Lors des auditions qui ont précédé sa nomination les
sénateurs lui ont demandé s’il estimait que le waterboarding était une
torture.
Le « waterboarding » est une variante du supplice de la
baignoire que la Gestapo et la milice française pratiquaient assidûment pendant
l’occupation. Il a été utilisé par l’armée française en Algérie : Henri Alleg
notamment y a
été soumis et il l'a décrit dans La question.
Cela consiste à arroser continûment un linge
posé sur le visage de la victime. Celle-ci ne peut plus respirer et a
l’impression de se noyer. Si le supplice n’est pas interrompu elle peut mourir
soit de noyade, soit d’un arrêt cardiaque : cet « accident » se produisait
paraît-il souvent pendant la guerre d’Algérie.
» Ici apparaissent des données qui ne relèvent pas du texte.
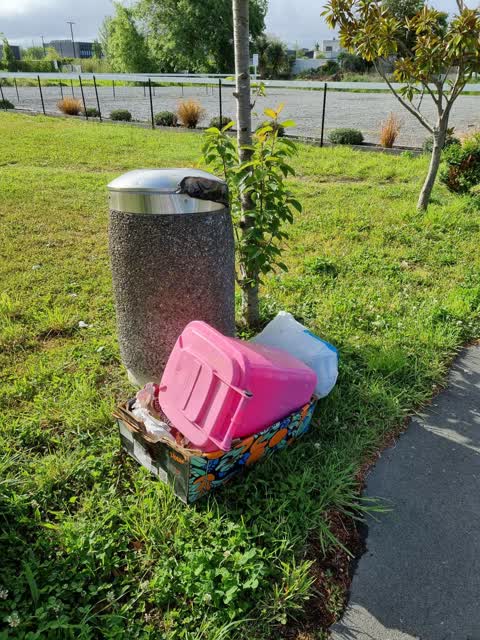 Rubbish/Recycling — a report photo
« Je trouve ça personnellement répugnant, a répondu Mukasey,
mais je ne peux pas dire si c’est une torture parce que je n’ai pas été briefé
sur cette technique et que je ne voudrais pas mettre en difficulté, au plan
juridique, les personnels de la CIA qui l'ont utilisée ».
Le congrès a par ailleurs demandé à M. Mukasey si le
Président des Etats-Unis devait ou non obéir aux lois fédérales (« federal
statutes »). « Cela dépend, a-t-il répondu, du fait que ce qui excède la
loi est ou non conforme à l’autorité que possède le président pour la défense du
pays ».
Ainsi le président peut ne pas respecter la loi, si c’est
pour la défense du pays ; le waterboarding n’est pas une torture, s’il faut éviter
une condamnation aux agents de la CIA. Le droit et la morale la plus clairement
évidente sont ainsi mis à
la torture par le ministre de la justice américain, ainsi que la langue anglaise.
Que l'on se rappelle donc ce que disait George
Orwell : « quand l'atmosphère générale
est mauvaise, le langage ne saurait rester indemne... sous l'action des
dictatures, les langues se dégradent ».
Sources :
- Scott Shane, « Mukasey Unsure
About Legality of Waterboarding », The New York Times, 30 octobre 2007 ;
- Jed Rubenfeld, « Lawbreaker in
Chief »,
The New York Times, 23 octobre 2007;
- George Orwell, « La politique et la langue anglaise » (1946), in Essais,
articles, lettres, Ivrea 2001, vol. IV p. 173.